State Entropy Regularization for Robust Reinforcement Learning
Yonatan Ashlag, Uri Koren, Mirco Mutti, Esther Derman, Pierre-Luc Bacon, Shie Mannor
TL;DR
This work analyzes state entropy regularization as a robustness-promoting mechanism in reinforcement learning. It provides a rigorous characterization showing that state entropy exactly solves a reward-robust RL problem via an explicit uncertainty set and delivers nontrivial bounds under kernel uncertainty, with policy entropy offering different robustness properties. It also establishes fundamental limits: entropy regularization cannot fully solve kernel robustness and can harm risk-averse performance, with robustness benefits being sensitive to rollout budgets.
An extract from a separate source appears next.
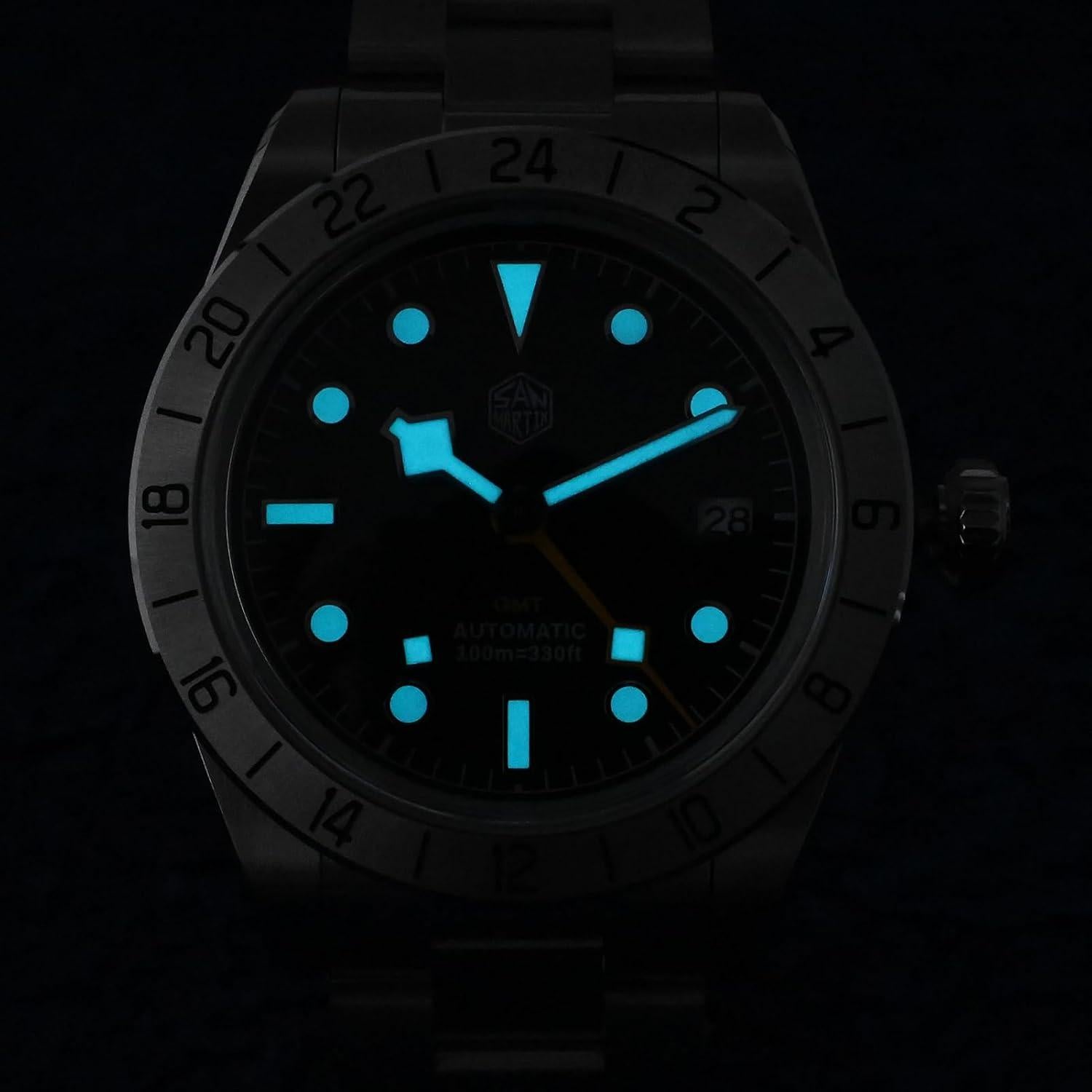 Reloj de Buceo Automático San Martin SN054GE 39mm 100m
Empirically, state entropy improves resilience to spatially structured perturbations in both discrete and continuous tasks, albeit requiring sufficient rollouts for reliable entropy estimation. Overall, the paper clarifies when and how state entropy regularization can enhance robustness and where its applicability is limited in practice.
Abstract
State entropy regularization has empirically shown better exploration and sample complexity in reinforcement learning (RL). However, its theoretical guarantees have not been studied. In this paper, we show that state entropy regularization improves robustness to structured and spatially correlated perturbations. These types of variation are common in transfer learning but often overlooked by standard robust RL methods, which typically focus on small, uncorrelated changes. We provide a comprehensive characterization of these robustness properties, including formal guarantees under reward and transition uncertainty, as well as settings where the method performs poorly. Much of our analysis contrasts state entropy with the widely used policy entropy regularization, highlighting their different benefits. Finally, from a practical standpoint, we illustrate that compared with policy entropy, the robustness advantages of state entropy are more sensitive to the number of rollouts used for policy evaluation.